Federal courts hearing diversity cases apply federal procedural law and state substantive law. Hanna v. Plumer, 380 U.S. 460, 465 (1965); Erie R. Co. v. Tompkins, 304 U.S. 64, 78 (1938). State law governs the substance of a privilege asserted in a diversity action. See Fed. R. Evid. 501; Davis v. Leal, 43 F.Supp. 2d 1102, 1108 (E.D. Cal. 1999). Defendants argue that California Civil Code § 3295(c) is a substantive rule that should apply here. Section 3295(c) requires a prima facie showing that a plaintiff will prevail on a punitive damages claim before a defendant must produce pretrial evidence of ability to pay punitive damages. Plaintiffs argue that federal law regarding privilege should apply because § 3295(c) is a procedural rule and not substantive.

To support their argument that § 3295(c) is a substantive rule, Defendants rely on a Ninth Circuit case that held a California penal code statute constituted part of California's substantive state policy protecting privacy and was properly characterized as a substantive law within the meaning of Erie. Feldman v. Allstate Ins. Co., 322 F.3d 660 (9th Cir. 2003). In Feldman, the statute at issue--Cal. Penal Code § 632--made taping a confidential conversation a crime and limited the admissibility of illegally intercepted conversations. Id. at 667. The court found that because secretly recording and replaying personal conversations might infringe on the right to privacy guaranteed by the California Constitution, § 632 embodied a substantive policy aimed to protect the privacy rights of California's citizens. Id.

In contrast, the statute at issue here, Cal. Civ. Code § 3295(c), provides:

No pretrial discovery by the plaintiff shall be permitted with respect to [defendant's profits and financial condition] unless the court enters an order permitting such discovery . . . Upon motion by the plaintiff supported by appropriate affidavits . . . the court may at any time enter an order permitting the discovery . . . if the court finds . . . that the plaintiff has established that there is a substantial probability that the plaintiff will prevail on the claim [of punitive damages].

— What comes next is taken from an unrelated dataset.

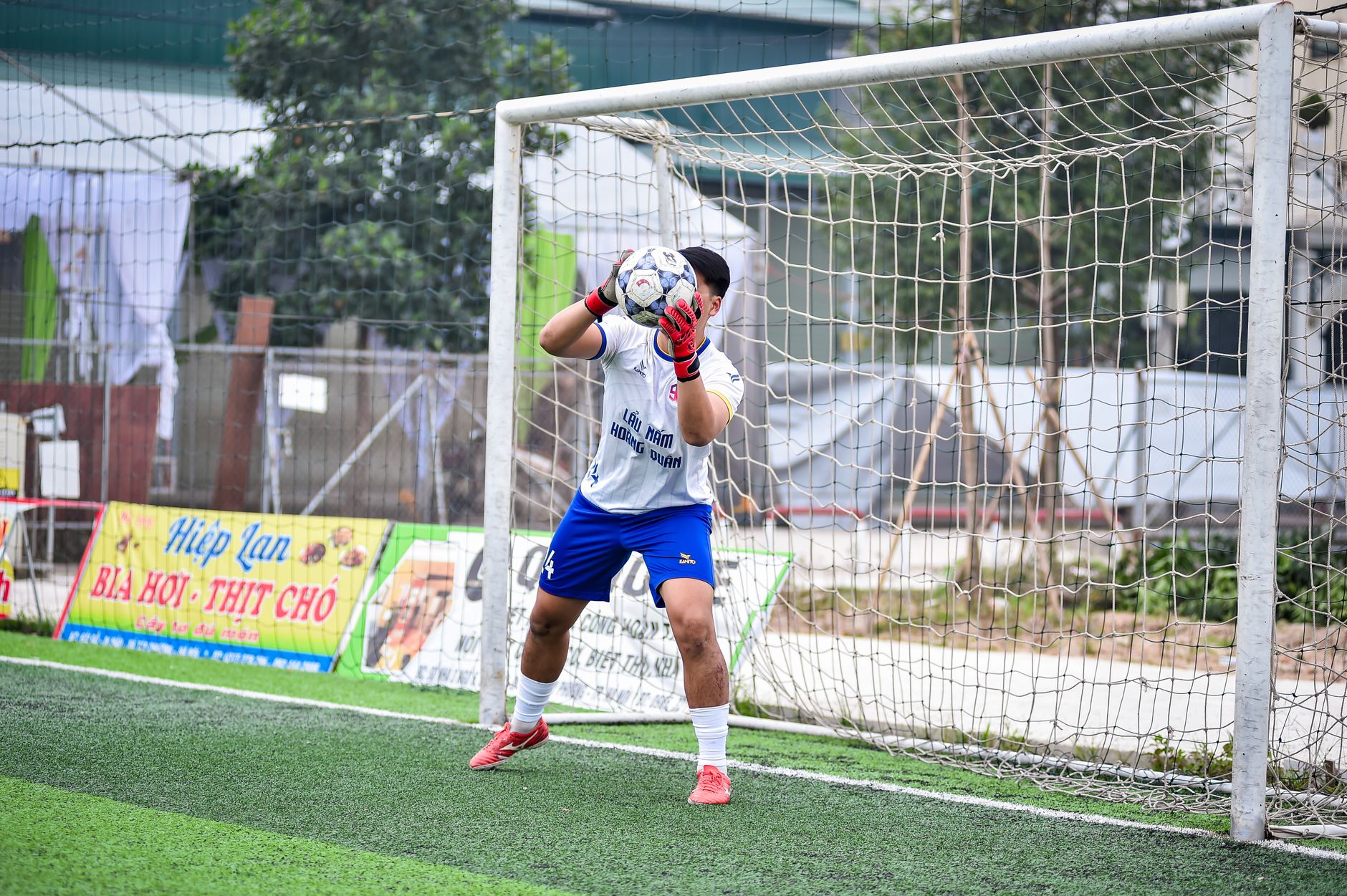 Seorang penjaga gawang melakukan penyelamatan selama pertandingan sepak bola di lapangan rumput buatan di Hanoi, Vietnam.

Only a few district courts in California have expressly addressed whether § 3295(c) is a substantive or procedural rule. They found § 3295(c) to be a procedural rule. See Oakes v. Halvorsen Marine Ltd., 179 F.R.D. 281, 295-296 (C.D. Cal. 1998) (stating "as a state discovery and procedural law, Civ. C. § 3295 conflicts with Fed. R. Civ. P. 26(b); it establishes a discovery scheme fundamentally inconsistent with the discovery rules under the Federal Rules of Civil Procedure"); Charles O. Bradley Trust v. Zenith Capital L.L.C., 2005 U.S. Dist. LEXIS 35562, *9-*10 (N.D. Cal. 2005) (acknowledging that California law requires a prima facie showing of substantial probability of prevailing on the claim but finding that federal law regarding privilege applies). In contrast to Feldman, this Court finds that § 3295(c) sets out the procedure for how or whendiscovery regarding the Defendants' financial information may be obtained, and thus is a procedural rule and does not bear on the substance of the privilege available to Defendants. Under the Federal Rules, the use of protective orders govern how or when discovery may be obtained.

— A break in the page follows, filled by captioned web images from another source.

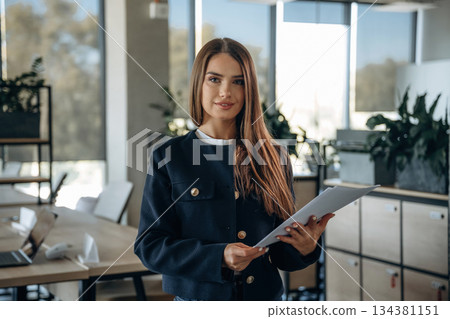 Documents in hands, papers. Beautiful woman is working in the office Documents in hands, papers. Beautiful woman is working in the office 134381151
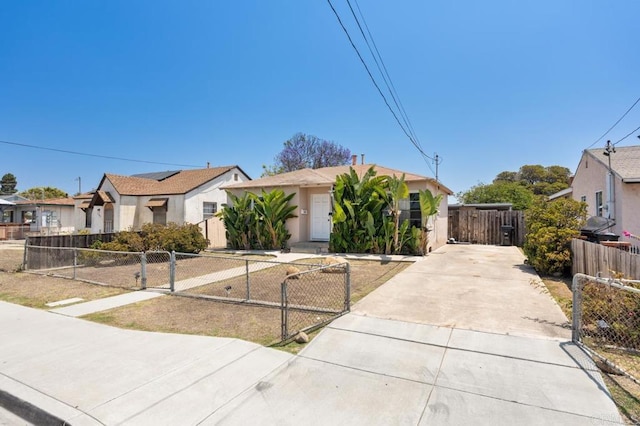 1185 Elm Ave, Chula Vista, CA 91911 - view of front of house with a gate, driveway, a residential view, and a fenced front yard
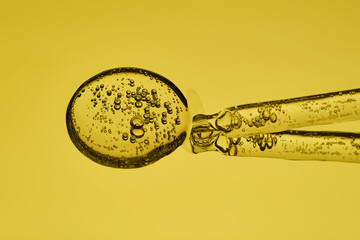 A serum pipette with bubbles on a yellow background.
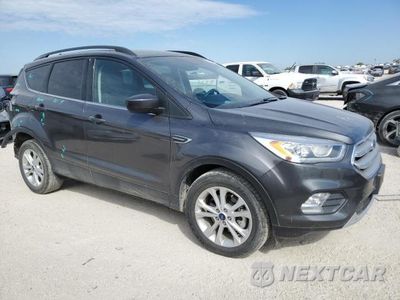 Czwarte zdjęcie samochodu z boku: 2018 FORD ESCAPE SEL VIN:1FMCU0HD5JUD28755 - miniatura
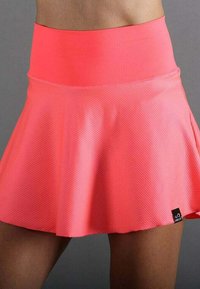 Falda atlética texturizada de un brillante color coral rosa con una cinturilla ancha, llevada por una persona de piel oscura frente a un fondo gris.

Even though the protection of § 3295(c) is not available to Defendants, they are still protected by the substance of California's law on privacy. The substantive right to financial privacy extends to individuals in litigation. Davis v. Leal, 43 F. Supp. 2d 1102, 1110 (E.D. Cal. 1999). The asserted privileges that protect financial and proprietary information are not absolute, but are subject to balancing the needs of the litigation with the sensitivity of the information and records sought. Id. (citing Valley Bank of Nevada v. Superior Court, 15 Cal.3d 652, 657 (1975)). The party asserting the privilege has the initial burden to establish the existence of the privilege; then, the burden shifts to the party seeking the information to justify the need for the information. Id. Courts employ a balancing test to determine whether a disclosure of financial information might violate a constitutional right to privacy. Charles O. Bradley Trust, 2005 U.S. Dist. LEXIS 355562 at *6 (citations omitted). Factors such as ascertainment of the truth, addressing defendants' potentially severe conduct and enforcement of rights weigh in favor of disclosure while widespread dissemination of information favors nondisclosure. Id. at *7-*8 (ordering production of financial documents under a strict protective order limited to counsel only and requiring destruction of all information at the end of litigation).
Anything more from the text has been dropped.